Member of the Virginia House of Delegates
- In office January 13, 1982 – January 12, 1994 Serving with Joseph A. Johnson until 1983
- Preceded by: Willard Lemmon
- Succeeded by: Barney Kidd
- Constituency: 2nd district (1982–1983); 7th district (1983–1992); 5th district (1992–1994);

Personal details
- Born: Grover Cullen Jennings April 21, 1939 Sugar Grove, Virginia, U.S.
- Died: June 8, 2020 (aged 81) Johnson City, Tennessee, U.S.
- Party: Democratic
- Spouse: Sara Frances Eller
- Parent: W. Pat Jennings (father);
- Education: Virginia Tech (BS); University of Richmond (LLB);

= G. C. Jennings =

American politician (1939–2020)

Grover Cullen Jennings (April 21, 1939 – June 8, 2020) was an American attorney and politician who served in the Virginia House of Delegates from 1982 until 1993, when he was defeated for reelection by Barney Kidd. His father, W. Pat Jennings, was a member of the United States House of Representatives.

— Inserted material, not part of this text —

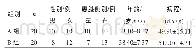 《表1 入选时两组患者一般资料比较》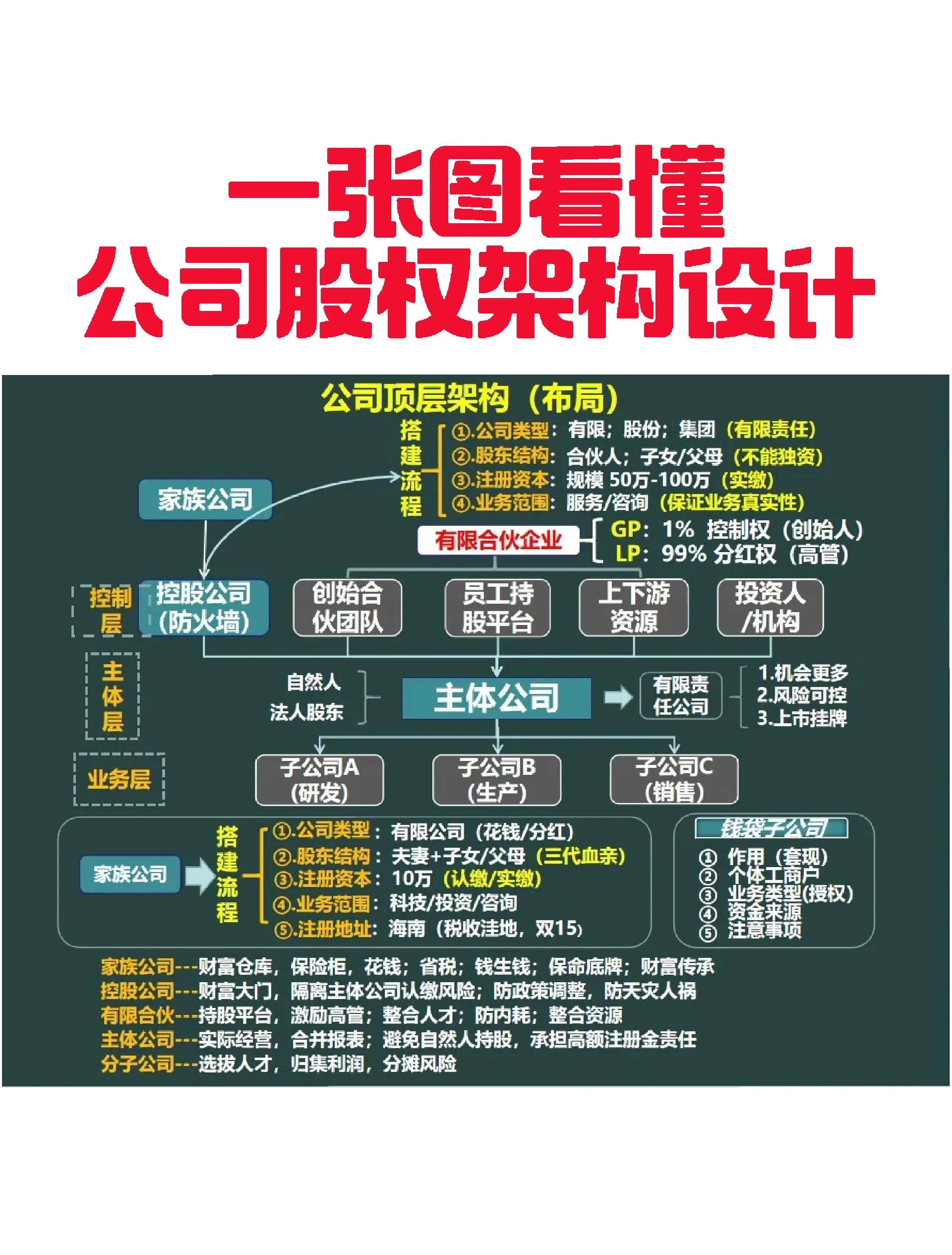 大同市VIE架构企业上市规划(vie架构香港上市的优点)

Jennings was born in Sugar Grove, Virginia and graduated from Marion High School in Marion, Virginia in 1958. He received his bachelor's degree from Virginia Tech in 1962 and his law degree from University of Richmond School of Law in 1965. Jennings practiced law in Marion, Virginia. He died in an automobile accident in Johnson City, Tennessee.